User Account Settings

  • Added ability to make a user's profile public or private.
    • You can now update the visibility of your user profile to either public or private.
    • You will not be able to keep any resources public if you set your user profile visibility to private.

  • Added new roles on the Job Role drop-down list.
    • On the Account Settings page, you will find a form that enables you to update your contact information. We have made updates to the roles listed in the Job Role field within the form.
    • The new roles are also reflected in the sign-up form.
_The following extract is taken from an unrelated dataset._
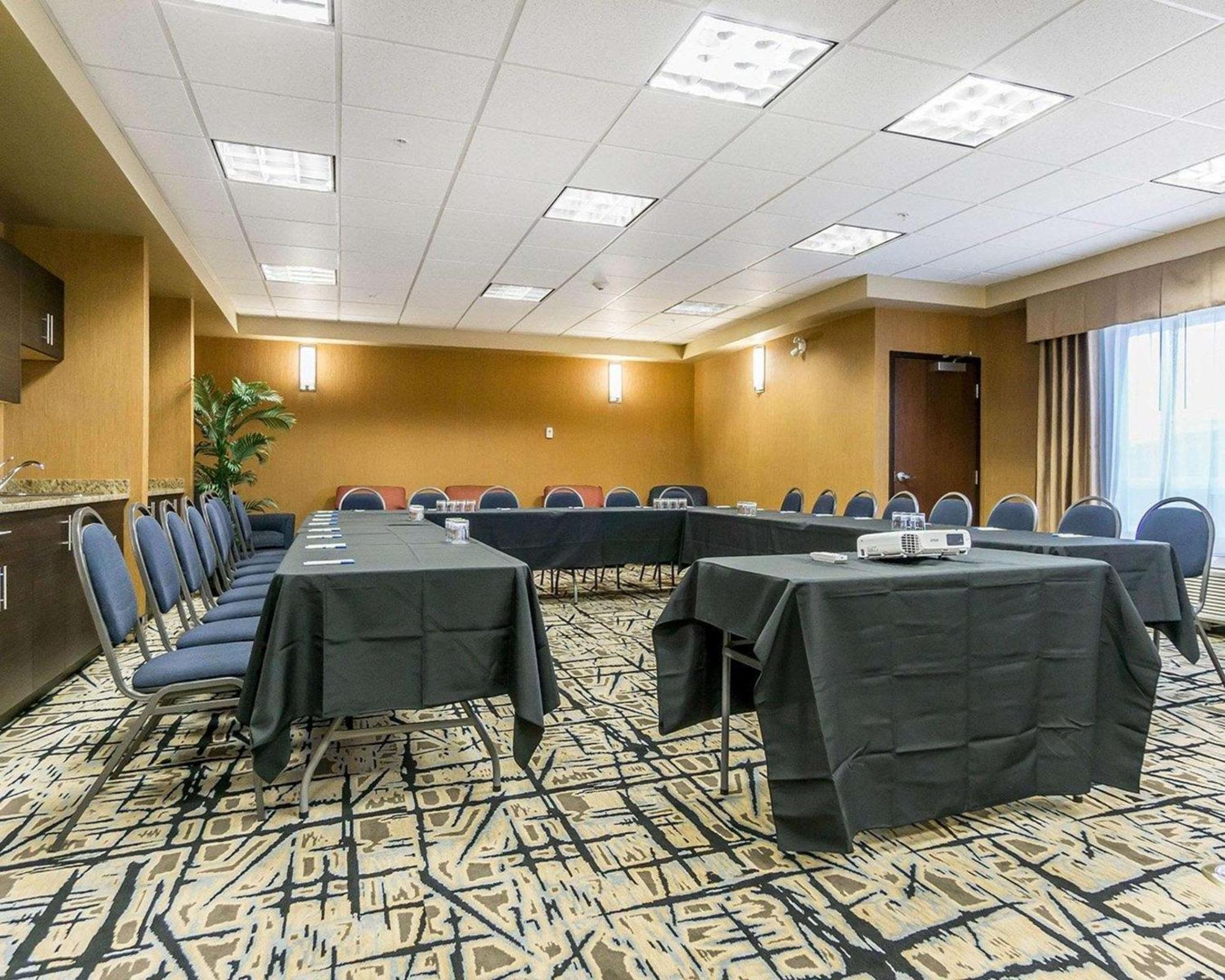 Comfort Inn & Suites Edmonton International Airport Nisku Bagian luar foto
Organization Settings and Management

  • Added “AppAddCollaborators” featured flag for org admins and org members. Org admins and org members now have the “AppAddCollaborators” featured flag, which enables them to add collaborators to an app.
  • Fixed an issue where an org contributor was not allowed to authorize or uninstall Installed Module Versions (IMV). An org contributor role now has sufficient scopes to successfully authorize or uninstall IMVs.
  • Fixed an issue where a team member was not allowed to view or use IMVs. A team contributor or member role now has sufficient scopes to successfully view or use IMVs.

Modules

  • Improved the handling of GitHub repository URLs with trailing slashes. We enhanced the way we handle the importation of modules from Streamlit app repositories on GitHub with trailing slashes ("/") at the end of their URLs.
  • Improved the design of the Install Module pop-up modal. If you click the Install Module button at the upper-right corner of an individual module page, a small modal will pop up.
    • We've improved the design of the modal to allow you to select a destination organization where you want to install the module. Previously, you could solely select a user.
  • Increased the deployment time for the module manager. Previously, when you created a new module, the deployment timed out after 5 minutes. If the module required a longer time to build, the module deployment failed after 5 minutes. We increased the deployment time for the module manager from 5 minutes to 10 minutes.
  • Updated the module manager to set secrets that modules can use. You can now set environment variables and secrets for module versions as you create them.
  • Allowed anonymous usage of the LLM Battleground module. You can now anonymously use the module to compare the performance of large language models. You do not need to log in to the Clarifai platform before using it.
  • Added a warning to be displayed before deleting a module version. We added a warning informing a user that deleting a module version will uninstall each of its install instances.
  • Added a directory to prevent modules from breaking libraries. Previously, we encountered a bug that was hindering modules from writing temporary files, leading to the disruption of certain Python packages during runtime. We fixed the issue.
  • Fixed a bug that prevented getting commits from GitHub repository branches. We fixed a Module-Manager bug that caused errors when getting commits from GitHub repository branches.

Secure Data Hosting (SDH)

Previously, when SDH was enabled on the Portal, cross-user app copying did not work. Previously, when SDH was active, duplicating an app you are added as a collaborator resulted in the destination app having broken inputs. On the other hand, duplicating your own apps worked just fine. We fixed the issue.

Labeler

  • Fixed an issue that prevented annotations from being created while working on a task. You can now successfully add annotations when labeling tasks.

Workflows

  • Fixed an issue where selecting concepts from the workflow visual graph builder resulted in an error. Previously, selecting concepts for a model node in the workflow visual graph builder resulted in an empty list. We fixed the issue.